Los Angeles (California, Usa), 29 ago. (LaPresse/AP) - Lindsay Lohan non sarà processata per il presunto furto nella casa di un amico in cui era stata ospite. La decisione è stata presa ieri dopo la causa presentata contro l'attrice, accusata di aver rubato alcuni oggetti il 18 agosto scorso. Secondo la procura non ci sono sufficienti elementi di prova che possano dimostrare la sua colpevolezza. Tra gli oggetti rubati, chiavi, denaro, occhiali da sole e un porta carte di credito. Il padrone di casa, un uomo d'affari di nome Sam Magid, è un conoscente di Lindsay e ha riferito di aver preferito non avviare il procedimento penale.

"Lindsay è contenta che la questione sia stata chiarita, così da potersi liberamente concentrare sui suoi prossimi progetti", ha dichiarato il portavoce dell'attrice 26enne in una nota stampa diffusa ieri pomeriggio. "Non abbiamo abbastanza prove per dimostrare questo caso al di là di ogni ragionevole dubbio" si legge nelle carte dell'accusa in cui si sottolinea che nessuno degli oggetti sottratti dalla casa è stato trovato nell'abitazione di Lindsay o dei due uomini che erano ospiti da Magid il giorno del furto.
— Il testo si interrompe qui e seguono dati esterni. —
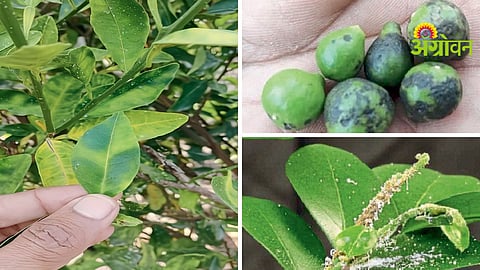 Orange Orchard Management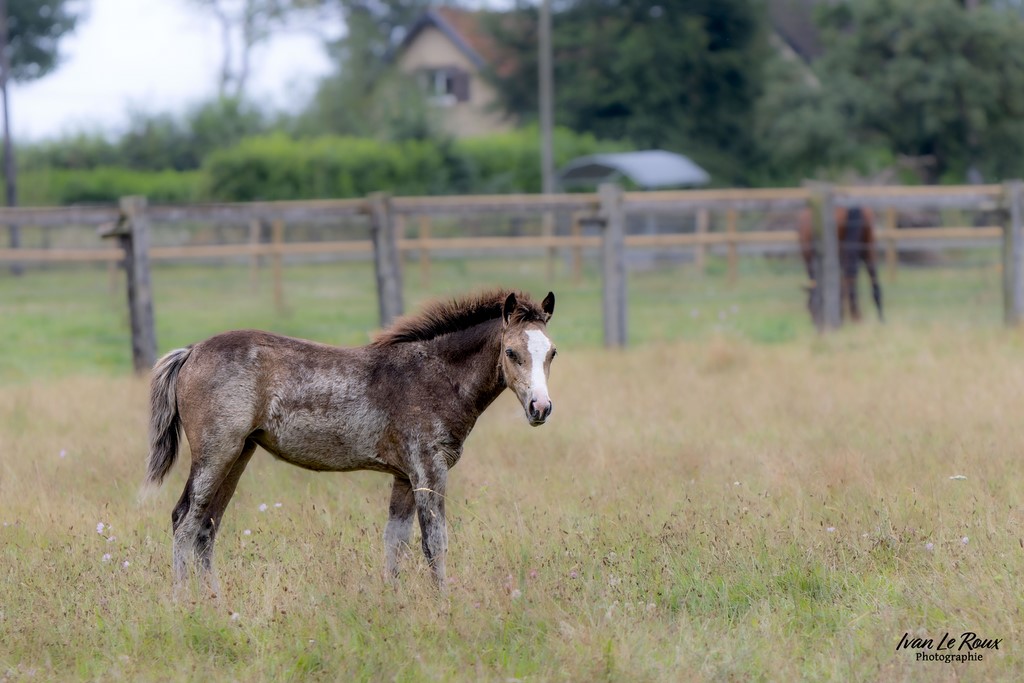 Haras de Bougy - Romilly-la-Puthenaye (27) - 2024 - Ivan Le Roux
La polizia di Los Angeles riferisce che le ricerche proseguiranno. Lindsay, dopo aver scontato ore di servizi sociali facendo le pulizie nell'obitorio della contea di Los Angeles, resta in libertà vigilata per il furto di una collana da 2.500 dollari nel 2011. Se ritenuta responsabile di un altro crimine, dovrà affrontare il carcere.